Federate access to your Amazon Redshift cluster with Active Directory Federation Services (AD FS): Part 2

In the first post of this series, Federating access to your Amazon Redshift cluster with Active Directory: Part 1, you set up Microsoft Active Directory Federation Services (AD FS) and Security Assertion Markup Language (SAML) based authentication and tested the SAML federation using a web browser.

In Part 2, you learn to set up an Amazon Redshift cluster and use federated authentication with AD FS to connect from a JDBC SQL client tool. You follow a detailed step-by-step process of using Amazon Redshift database authentication to simplify the credential management of database users and reuse what you may already have on premises. You can also integrate Amazon Redshift group-level privileges with federation.

You can use your corporate Active Directory (AD) and the SAML 2.0 AD FS identity provider to enable your users to easily access Amazon Redshift clusters using corporate user names without managing database users and passwords.

Overview of solution

This post walks you through setting up an Amazon Redshift cluster and federating database user authentication with AWS Identity and Access Management (IAM) and Amazon Redshift. You use the user you set up in your AD in Part 1 (Bob) to authenticate using AD FS and control access to database objects based on the group the user is assigned to.

You also learn how to set up SQL Client (SQL Workbench/J) and an Amazon Redshift JDBC driver to connect to a database cluster using the database user authentication method and the AD FS federated authentication method.

The following diagram illustrates the architecture of this solution.

The workflow contains the following steps:

The client (SQL Workbench/J) makes a request to the Identity Provider (IdP).
The IdP authenticates the user and sends back a SAML assertion.
The client calls an AWS SAML endpoint to AssumeRoleWithSAML.
AWS authenticates and returns temporary security credentials.
The client uses temporary credentials to connect to the Amazon Redshift cluster endpoint.

Walkthrough

The walkthrough includes the following steps:

Set up your Amazon Redshift cluster.
Download, set up, configure, and test different connection methods to Amazon Redshift using SQL Workbench/J and an Amazon Redshift JDBC driver.
Configure your Amazon Redshift connection profile with SQL Workbench/J.

Prerequisites

For this walkthrough, you should meet the following prerequisites:

Complete all the steps from Federating access to your Amazon Redshift cluster with Active Directory: Part 1:
- Set up domain controller and AD FS
- Configure federation on AWS with the AD FS
- Configure AWS as the relying party with AD FS
- Test AWS SAML federation using your web browser
- Copy the username and passwords for the AD users to use in this post
- Copy the ARN for the two SAML roles you created to use in this post
- Copy the AD domain name to use in this post
Have a basic understanding of SQL with any database and experience using a SQL client, such as SQL Workbench/J
Check with your AWS administrator to ensure you have access to the AWS Management Console with permissions to use Amazon Redshift and IAM

Setting up your Amazon Redshift cluster

To create your Amazon Redshift cluster, complete the following steps:

On the console, open Amazon Redshift.
Choose Create cluster.

For Node type¸ choose dc2.large.
For Nodes, enter 2.

For Cluster identifier, enter adfs-redshift-cluster.
For Database port, enter 5439.
Enter a master user name and password of your choice.
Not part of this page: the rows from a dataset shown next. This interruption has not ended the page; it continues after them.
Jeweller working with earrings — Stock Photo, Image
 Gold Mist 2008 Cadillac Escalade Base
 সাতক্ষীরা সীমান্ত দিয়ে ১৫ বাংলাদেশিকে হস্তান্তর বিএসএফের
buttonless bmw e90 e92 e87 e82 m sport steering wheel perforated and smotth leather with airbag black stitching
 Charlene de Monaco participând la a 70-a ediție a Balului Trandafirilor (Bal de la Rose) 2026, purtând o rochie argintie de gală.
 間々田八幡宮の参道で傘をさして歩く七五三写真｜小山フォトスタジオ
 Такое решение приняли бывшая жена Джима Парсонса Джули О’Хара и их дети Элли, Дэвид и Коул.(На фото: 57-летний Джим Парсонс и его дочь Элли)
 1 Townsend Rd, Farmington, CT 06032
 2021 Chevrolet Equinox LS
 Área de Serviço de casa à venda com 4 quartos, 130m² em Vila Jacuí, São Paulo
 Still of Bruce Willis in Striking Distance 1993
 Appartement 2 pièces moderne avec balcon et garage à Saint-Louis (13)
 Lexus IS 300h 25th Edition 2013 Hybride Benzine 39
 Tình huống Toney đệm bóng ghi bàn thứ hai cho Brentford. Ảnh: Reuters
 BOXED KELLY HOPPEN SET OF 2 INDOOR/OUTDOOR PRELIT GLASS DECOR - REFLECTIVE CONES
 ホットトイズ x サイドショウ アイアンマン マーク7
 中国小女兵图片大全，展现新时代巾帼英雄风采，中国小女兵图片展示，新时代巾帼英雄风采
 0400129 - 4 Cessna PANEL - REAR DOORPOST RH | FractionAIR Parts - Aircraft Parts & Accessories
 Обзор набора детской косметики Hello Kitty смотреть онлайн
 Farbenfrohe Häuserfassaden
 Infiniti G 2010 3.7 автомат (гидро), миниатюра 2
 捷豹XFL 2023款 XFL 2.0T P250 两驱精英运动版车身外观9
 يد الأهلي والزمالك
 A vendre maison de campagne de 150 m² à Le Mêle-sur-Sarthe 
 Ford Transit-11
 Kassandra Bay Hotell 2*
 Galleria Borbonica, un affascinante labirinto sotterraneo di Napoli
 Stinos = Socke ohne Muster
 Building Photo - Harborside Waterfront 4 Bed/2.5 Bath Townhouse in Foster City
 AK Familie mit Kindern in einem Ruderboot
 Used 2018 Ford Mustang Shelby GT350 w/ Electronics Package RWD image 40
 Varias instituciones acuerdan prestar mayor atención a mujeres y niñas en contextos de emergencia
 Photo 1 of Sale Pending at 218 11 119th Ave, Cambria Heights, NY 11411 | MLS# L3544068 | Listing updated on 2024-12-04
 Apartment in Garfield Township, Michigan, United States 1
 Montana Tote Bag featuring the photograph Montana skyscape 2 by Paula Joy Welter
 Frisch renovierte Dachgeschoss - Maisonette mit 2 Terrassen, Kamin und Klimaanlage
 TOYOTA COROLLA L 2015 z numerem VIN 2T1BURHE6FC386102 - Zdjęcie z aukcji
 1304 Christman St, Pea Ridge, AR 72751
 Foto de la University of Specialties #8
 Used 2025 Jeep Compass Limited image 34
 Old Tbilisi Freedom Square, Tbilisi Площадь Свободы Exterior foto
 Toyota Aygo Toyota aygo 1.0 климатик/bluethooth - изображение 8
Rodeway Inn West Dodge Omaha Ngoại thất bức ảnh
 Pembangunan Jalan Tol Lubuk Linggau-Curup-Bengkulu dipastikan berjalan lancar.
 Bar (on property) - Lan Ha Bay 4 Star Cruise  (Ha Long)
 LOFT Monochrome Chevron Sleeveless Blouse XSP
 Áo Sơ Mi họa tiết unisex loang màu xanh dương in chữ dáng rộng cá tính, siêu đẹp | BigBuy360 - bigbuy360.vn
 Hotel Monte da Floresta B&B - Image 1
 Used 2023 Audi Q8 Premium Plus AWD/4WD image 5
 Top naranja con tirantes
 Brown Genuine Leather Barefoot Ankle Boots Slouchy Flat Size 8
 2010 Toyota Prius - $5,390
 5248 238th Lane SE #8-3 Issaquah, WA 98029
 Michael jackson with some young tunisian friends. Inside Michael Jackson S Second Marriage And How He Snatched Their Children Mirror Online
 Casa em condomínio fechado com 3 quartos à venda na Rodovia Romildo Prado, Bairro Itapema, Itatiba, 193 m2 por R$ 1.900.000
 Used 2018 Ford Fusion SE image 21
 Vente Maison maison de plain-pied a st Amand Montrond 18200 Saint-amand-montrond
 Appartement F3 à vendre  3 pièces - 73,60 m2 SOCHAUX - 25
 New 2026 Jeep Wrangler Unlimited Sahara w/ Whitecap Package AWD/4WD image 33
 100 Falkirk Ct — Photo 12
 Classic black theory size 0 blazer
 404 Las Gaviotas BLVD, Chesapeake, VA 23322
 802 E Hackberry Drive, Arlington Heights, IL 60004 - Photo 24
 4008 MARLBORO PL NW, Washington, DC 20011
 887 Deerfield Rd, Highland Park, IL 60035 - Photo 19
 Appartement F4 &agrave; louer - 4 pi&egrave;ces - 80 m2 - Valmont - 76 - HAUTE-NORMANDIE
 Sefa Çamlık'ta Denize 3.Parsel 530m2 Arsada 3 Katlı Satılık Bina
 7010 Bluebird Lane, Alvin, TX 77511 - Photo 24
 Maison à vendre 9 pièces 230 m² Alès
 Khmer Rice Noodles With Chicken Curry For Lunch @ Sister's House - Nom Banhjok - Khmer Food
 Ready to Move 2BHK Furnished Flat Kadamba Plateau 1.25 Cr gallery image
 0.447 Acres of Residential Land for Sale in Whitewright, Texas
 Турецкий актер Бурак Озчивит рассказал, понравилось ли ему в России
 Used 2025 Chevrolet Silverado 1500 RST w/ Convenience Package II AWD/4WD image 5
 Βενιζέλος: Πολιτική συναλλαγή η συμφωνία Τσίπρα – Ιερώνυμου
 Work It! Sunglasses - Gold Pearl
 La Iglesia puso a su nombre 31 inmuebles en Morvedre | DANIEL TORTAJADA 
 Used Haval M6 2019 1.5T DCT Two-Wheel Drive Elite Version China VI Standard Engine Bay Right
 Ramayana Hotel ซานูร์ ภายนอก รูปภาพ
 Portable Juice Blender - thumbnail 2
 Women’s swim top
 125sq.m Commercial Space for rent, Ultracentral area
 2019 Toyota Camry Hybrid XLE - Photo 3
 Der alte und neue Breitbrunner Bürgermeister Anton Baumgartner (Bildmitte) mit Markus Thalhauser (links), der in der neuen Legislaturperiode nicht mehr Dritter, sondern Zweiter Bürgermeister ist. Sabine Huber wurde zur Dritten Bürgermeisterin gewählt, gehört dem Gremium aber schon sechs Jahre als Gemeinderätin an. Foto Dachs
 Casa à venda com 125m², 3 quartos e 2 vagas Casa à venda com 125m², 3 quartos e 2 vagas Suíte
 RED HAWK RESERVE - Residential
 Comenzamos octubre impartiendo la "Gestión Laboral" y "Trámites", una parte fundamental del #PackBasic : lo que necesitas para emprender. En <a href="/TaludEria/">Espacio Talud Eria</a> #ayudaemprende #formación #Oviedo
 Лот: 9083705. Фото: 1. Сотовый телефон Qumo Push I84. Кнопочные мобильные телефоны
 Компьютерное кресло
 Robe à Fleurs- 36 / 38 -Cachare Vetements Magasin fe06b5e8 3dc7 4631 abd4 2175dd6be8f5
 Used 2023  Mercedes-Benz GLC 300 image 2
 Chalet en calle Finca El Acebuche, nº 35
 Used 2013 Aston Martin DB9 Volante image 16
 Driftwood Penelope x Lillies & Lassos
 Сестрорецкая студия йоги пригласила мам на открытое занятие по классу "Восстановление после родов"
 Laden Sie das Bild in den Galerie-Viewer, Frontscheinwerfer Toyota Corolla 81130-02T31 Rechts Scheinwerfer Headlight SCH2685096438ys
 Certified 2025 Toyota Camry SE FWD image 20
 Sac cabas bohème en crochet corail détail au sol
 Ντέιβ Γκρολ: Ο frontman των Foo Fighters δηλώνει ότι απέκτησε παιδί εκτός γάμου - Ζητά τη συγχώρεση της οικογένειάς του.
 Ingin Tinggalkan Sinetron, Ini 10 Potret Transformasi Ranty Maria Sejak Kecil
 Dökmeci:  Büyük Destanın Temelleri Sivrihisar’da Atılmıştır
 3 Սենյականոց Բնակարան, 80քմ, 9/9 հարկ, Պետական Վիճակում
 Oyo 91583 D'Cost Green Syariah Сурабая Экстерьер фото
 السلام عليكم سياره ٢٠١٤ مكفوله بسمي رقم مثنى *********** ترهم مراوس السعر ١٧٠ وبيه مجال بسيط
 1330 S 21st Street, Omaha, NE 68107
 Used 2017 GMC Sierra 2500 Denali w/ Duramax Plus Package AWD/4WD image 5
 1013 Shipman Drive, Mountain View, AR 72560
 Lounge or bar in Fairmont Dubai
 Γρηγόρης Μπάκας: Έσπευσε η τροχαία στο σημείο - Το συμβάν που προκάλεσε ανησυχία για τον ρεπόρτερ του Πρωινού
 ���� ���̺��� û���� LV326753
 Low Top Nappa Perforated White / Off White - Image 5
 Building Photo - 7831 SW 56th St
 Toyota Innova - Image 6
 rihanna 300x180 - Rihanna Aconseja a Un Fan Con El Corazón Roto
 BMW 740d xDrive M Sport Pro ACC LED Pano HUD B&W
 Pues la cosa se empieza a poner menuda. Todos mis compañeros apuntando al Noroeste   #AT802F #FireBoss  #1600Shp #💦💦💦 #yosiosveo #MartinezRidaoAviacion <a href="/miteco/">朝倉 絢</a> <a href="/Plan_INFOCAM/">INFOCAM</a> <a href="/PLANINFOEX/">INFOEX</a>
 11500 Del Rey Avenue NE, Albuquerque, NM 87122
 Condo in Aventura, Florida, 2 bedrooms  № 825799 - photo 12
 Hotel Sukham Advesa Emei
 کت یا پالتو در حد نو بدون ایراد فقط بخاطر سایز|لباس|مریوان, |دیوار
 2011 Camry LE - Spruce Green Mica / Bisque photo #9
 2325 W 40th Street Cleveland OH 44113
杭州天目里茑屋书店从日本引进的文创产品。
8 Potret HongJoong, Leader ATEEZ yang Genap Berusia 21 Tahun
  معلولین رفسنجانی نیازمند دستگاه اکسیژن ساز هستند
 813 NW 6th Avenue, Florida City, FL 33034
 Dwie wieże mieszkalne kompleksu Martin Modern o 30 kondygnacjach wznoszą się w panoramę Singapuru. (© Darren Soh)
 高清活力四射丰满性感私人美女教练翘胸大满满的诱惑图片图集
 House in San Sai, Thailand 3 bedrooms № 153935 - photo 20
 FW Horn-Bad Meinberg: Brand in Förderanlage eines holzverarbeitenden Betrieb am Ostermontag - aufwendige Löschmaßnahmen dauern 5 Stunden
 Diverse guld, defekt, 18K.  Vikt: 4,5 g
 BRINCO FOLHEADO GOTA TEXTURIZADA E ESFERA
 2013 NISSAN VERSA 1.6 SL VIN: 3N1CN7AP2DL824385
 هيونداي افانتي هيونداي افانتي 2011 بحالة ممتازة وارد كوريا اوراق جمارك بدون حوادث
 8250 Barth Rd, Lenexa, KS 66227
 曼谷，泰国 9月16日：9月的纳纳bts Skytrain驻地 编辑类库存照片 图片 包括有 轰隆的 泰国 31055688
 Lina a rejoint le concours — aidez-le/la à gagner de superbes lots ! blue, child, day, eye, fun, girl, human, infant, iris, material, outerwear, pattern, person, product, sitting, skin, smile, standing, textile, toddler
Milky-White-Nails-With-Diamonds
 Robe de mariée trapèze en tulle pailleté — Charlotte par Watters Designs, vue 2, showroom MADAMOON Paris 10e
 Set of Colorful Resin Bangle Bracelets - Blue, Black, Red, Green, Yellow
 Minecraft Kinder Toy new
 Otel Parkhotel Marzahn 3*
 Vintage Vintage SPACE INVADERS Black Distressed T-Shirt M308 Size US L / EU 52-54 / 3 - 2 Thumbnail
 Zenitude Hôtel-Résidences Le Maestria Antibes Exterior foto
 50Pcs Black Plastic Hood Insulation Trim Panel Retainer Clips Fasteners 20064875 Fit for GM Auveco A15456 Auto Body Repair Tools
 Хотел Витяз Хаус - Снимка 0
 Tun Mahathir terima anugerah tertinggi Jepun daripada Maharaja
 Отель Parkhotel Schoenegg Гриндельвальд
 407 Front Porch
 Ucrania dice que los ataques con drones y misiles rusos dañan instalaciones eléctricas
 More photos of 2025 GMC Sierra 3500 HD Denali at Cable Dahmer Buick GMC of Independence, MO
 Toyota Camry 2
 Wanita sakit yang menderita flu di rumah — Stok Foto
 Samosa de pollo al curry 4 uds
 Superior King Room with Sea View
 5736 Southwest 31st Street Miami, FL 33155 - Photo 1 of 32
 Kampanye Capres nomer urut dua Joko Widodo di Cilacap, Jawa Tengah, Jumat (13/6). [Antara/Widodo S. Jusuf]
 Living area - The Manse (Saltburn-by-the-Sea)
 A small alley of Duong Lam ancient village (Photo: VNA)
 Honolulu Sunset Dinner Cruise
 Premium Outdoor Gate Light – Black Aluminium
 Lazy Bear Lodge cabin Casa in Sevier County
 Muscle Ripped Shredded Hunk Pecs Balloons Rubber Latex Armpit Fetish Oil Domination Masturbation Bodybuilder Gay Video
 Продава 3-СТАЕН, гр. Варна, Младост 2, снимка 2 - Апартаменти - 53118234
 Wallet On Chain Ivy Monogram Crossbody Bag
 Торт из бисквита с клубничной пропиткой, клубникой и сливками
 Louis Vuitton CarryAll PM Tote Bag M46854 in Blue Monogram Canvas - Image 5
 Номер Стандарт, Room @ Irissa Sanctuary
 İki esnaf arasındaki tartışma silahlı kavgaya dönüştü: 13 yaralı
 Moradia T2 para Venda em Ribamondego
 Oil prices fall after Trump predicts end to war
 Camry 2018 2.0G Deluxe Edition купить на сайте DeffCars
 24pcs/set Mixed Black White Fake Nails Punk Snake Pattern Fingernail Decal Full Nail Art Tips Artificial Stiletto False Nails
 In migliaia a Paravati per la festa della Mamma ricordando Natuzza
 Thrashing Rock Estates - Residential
Keep everything else at their defaults and choose Create cluster.

Your cluster status initially shows the various Modifying stages.

When the cluster creation is complete, its status shows as Available.

Choose the cluster.
On the Properties tab, review the endpoint information and database configuration.

Make sure that for this walkthrough, Publicly accessible is set to Yes.

For more information about VPC accessibility, see Managing clusters in a VPC.

For production setup of the Amazon Redshift cluster, you shouldn’t set the cluster to be publicly accessible; instead you make it private. For more information, see How can I access a private Amazon Redshift cluster from my local machine?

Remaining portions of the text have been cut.